America's wounded are part of the cost of this war that we don't appreciate fully. Largely because of medical advances, especially in battlefield medicine, a lot of soldiers and Marines who in previous wars would simply have died on the battlefield, are having their lives saved. Thus the number of Americans killed has been lower than would have been likely in previous wars of similar intensity.

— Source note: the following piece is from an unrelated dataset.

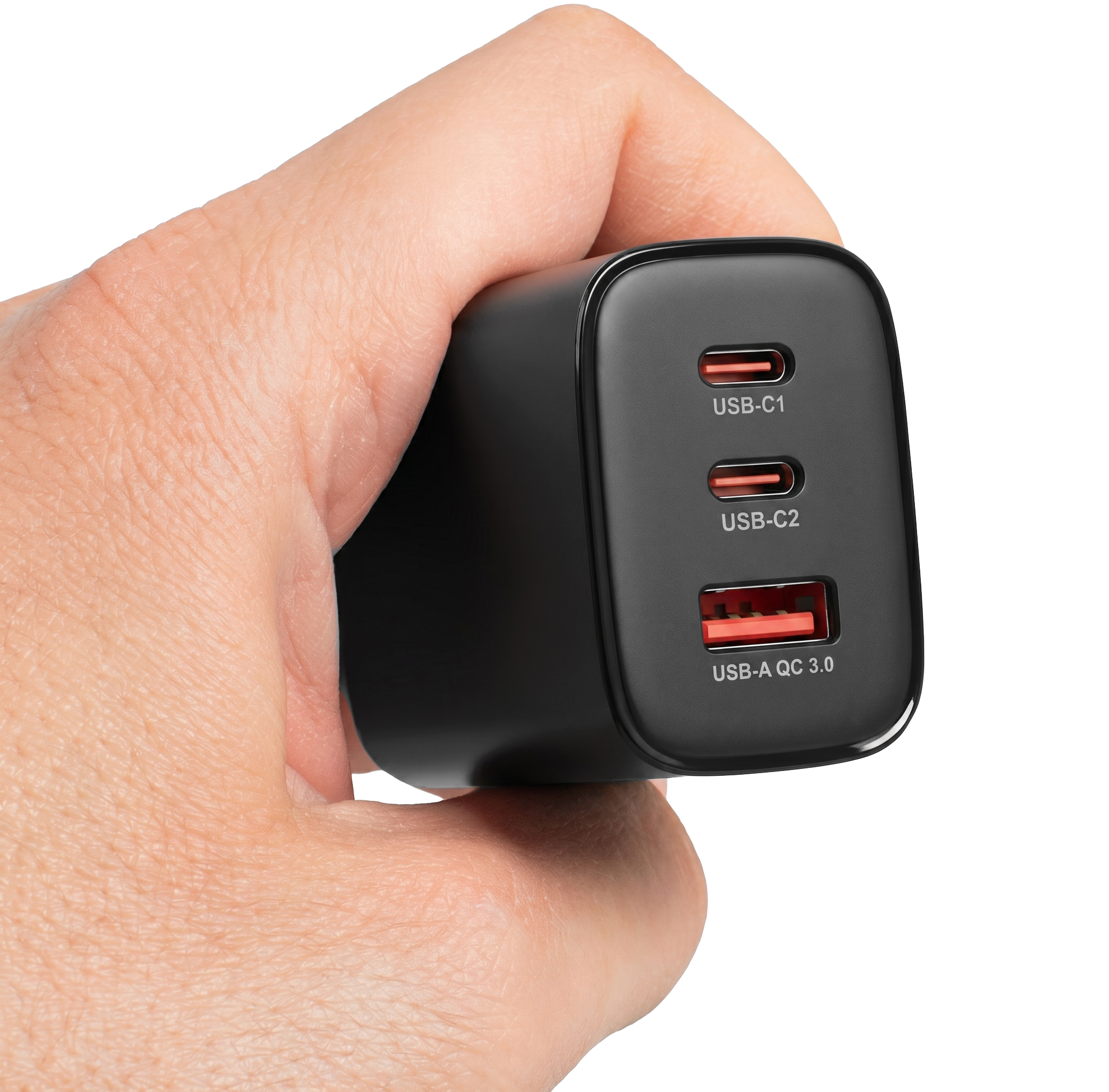 Egy kéz fekete, többportos töltőt tart két USB-C és egy USB-A porttal.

Many of the wounded recover to some semblance of normality, but many will never be more than a shell of their former selves. Some will spend the rest of their lives in hospitals, others in wheelchairs or rehab and physical therapy. The government has little interest in the general public knowing much about this, especially if it would further erode public support for the war.

Appreciating Oprah

Like a lot of people for a long time I had a rather dim view of Oprah Winfrey, viewing her as a sort of vapid new-agey feel-good person who promoted pop-psychology without much substance. After my wife started watching her fairly regularly my attitude gradually started changing, especially after we got a DVR, which allowed her to sit me down in front of Oprah shows that had especially impressed her. I still can't fathom her enthusiasm for such an empty vessel as Maya Angelou, for example, but I now think she's a remarkably decent and pretty shrewd person who is using her vast influence (which she has earned, especially after taking more control of her show and putting a more personal stamp on it) mosty for good purposes.

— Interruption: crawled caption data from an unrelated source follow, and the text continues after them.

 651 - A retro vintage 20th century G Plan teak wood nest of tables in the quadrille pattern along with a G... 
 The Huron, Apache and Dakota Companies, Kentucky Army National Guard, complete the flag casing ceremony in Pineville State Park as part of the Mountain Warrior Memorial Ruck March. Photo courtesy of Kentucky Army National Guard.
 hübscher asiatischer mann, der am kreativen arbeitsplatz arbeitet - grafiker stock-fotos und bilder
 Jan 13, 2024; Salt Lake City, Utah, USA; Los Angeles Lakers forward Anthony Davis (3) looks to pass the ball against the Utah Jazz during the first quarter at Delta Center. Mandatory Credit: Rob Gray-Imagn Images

What brought on this comment was Oprah's special Monday night on her Oprah Winfrey Leadership Academy for Girls that she has just opened in South Africa. She has seen a problem and put her money and celebrity and influence where her mouth is. She has used her own money. The school is well-designed, both academically and architecturally. She knows she can't do everything, but she has done something, and the something is well-designed and constructive. Insteadof whining that the government hasn't done enough, she went ahead and did it herself. Whatever her politics -- she must have sympathies but she's shrewdly non-commital, which I think is mostly smart for her purposes, she is a functional libertarian -- take action and take responsibility yourself.